*EXERCISE:*
Excluding all pictures, please output the listing exactly.

*DATA BLOCK:*
======
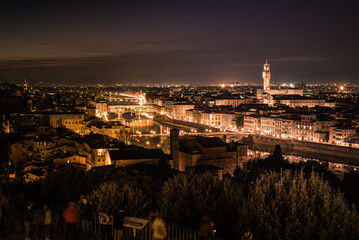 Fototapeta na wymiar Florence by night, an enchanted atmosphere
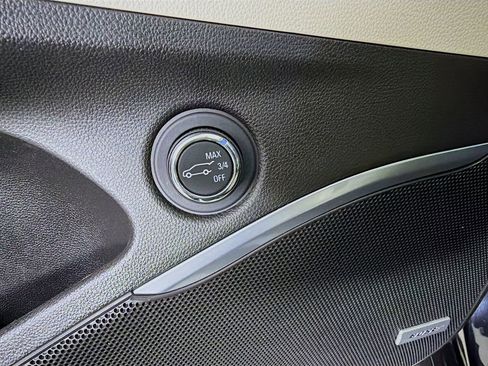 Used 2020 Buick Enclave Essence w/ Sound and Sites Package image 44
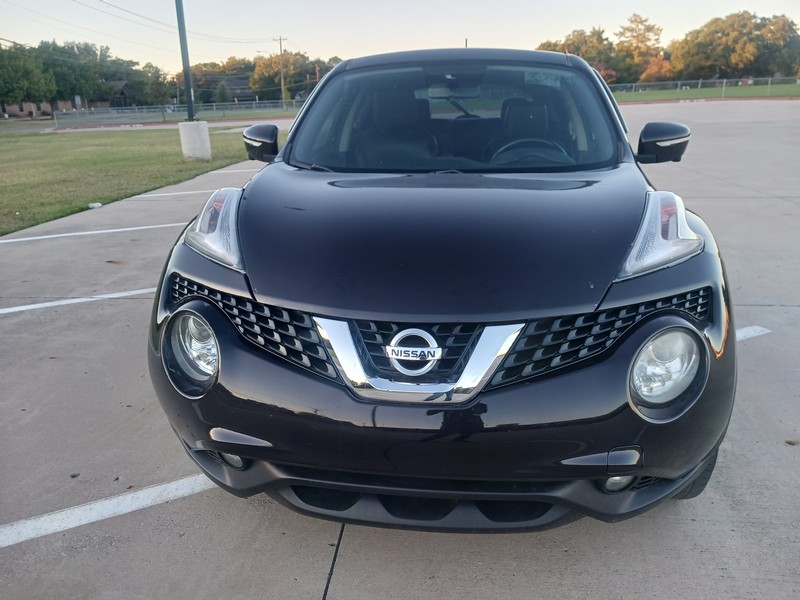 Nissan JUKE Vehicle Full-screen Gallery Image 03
======
*RESPONSE TO THIS TASK:*
 Fototapeta na wymiar Florence by night, an enchanted atmosphere
 Used 2020 Buick Enclave Essence w/ Sound and Sites Package image 44
 Nissan JUKE Vehicle Full-screen Gallery Image 03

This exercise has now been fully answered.